Updated

Animal House it ain't. And don't expect chants of "Toga, Toga, Toga" when the Woodrow Wilson House opens its doors Dec. 6 to an invitation-only party. But there will be booze.

Mark Benbow, historian at the house where the 28th president lived his last three years, has grown tired of hearing people wrongly say Wilson was responsible for Prohibition because it occurred while he was in the White House.

So he's throwing a party in Wilson's honor and getting a brewer to supply the alcohol.

Benbow said Wilson — who liked a small whiskey by the fire after dinner — preferred keeping wine and beer legal and believed communities rather than the federal government should determine liquor laws.

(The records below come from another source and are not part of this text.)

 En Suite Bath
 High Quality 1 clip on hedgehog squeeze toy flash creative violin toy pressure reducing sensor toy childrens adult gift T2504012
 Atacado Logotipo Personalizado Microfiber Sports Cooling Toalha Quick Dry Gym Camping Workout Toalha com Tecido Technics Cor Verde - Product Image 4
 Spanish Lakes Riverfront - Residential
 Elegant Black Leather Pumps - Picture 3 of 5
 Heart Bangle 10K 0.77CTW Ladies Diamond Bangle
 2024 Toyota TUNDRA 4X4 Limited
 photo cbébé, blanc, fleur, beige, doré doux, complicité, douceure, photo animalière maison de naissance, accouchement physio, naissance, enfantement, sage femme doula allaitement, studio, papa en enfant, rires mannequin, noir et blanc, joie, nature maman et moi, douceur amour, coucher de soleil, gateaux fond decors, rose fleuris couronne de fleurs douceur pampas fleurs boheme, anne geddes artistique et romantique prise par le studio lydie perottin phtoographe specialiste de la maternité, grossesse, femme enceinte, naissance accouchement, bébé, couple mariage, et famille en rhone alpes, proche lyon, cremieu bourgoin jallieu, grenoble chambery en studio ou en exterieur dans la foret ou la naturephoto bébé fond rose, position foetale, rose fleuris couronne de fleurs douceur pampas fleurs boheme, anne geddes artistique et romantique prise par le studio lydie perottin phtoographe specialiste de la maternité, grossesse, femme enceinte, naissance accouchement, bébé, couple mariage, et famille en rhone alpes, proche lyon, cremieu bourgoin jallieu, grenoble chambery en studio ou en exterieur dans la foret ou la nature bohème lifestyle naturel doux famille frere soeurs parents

"Wilson had one standard answer on Prohibition, and he said the same statement over and over to anyone who asked," Benbow said, "He was for local option and he didn't think it should be a political issue."

Guests at "A Prohibition Era Holiday Party," will be invited to sip "tea," apparently a code word for the wine and beer that will be served, and view an exhibit that includes home-brewing equipment from the Prohibition era, photos of raids in the capital by federal agents and of a small British steamship that anchored off the coast in Chesapeake Bay. It sent liquor in small motorboats to thirsty Washingtonians.

There's also a map purporting to show that by 1930 there were more speakeasies in Washington than there had been saloons.

"There may be a little exaggeration there," Benbow acknowledged. "Some of those black dots may just be private houses that were raided."

The exhibit includes an empty champagne bottle found among others in the cellar after Wilson's widow gave the house to the National Trust for Historic Preservation. Benbow also has included propaganda both for and against Prohibition.

The 18th Amendment, which banned the sale, manufacture and transportation of intoxicating beverages, took effect Jan. 20, 1920, ushering in 13 years of national Prohibition. Wilson could not veto a constitutional amendment, but he did veto the Volstead Act, which limited alcoholic content of beverages to half of 1 percent. Congress overrode the veto the next day.

The Woodrow Wilson House is the only presidential museum in Washington. The cover of the invitation to the Dec. 6 party shows a pair of eyes in Wilsonian pinch-nose glasses, peering through a peephole in a speakeasy door. The caption: "Woody sent me."

The exhibit runs through April 10, the 73rd anniversary of the end of Prohibition in Washington. Admission is $7.50 for adults, $6.50 for seniors and $3 for students.

Another part of the show is a history of beer brewing in Washington, which started in 1794, the year after the Capitol's cornerstone was laid. It is being shown in "The Brewmaster's Castle," a short walk from the Wilson house, built by Christian Heurich, one of the city's most prominent brewers. Suggested donation: $5 per person.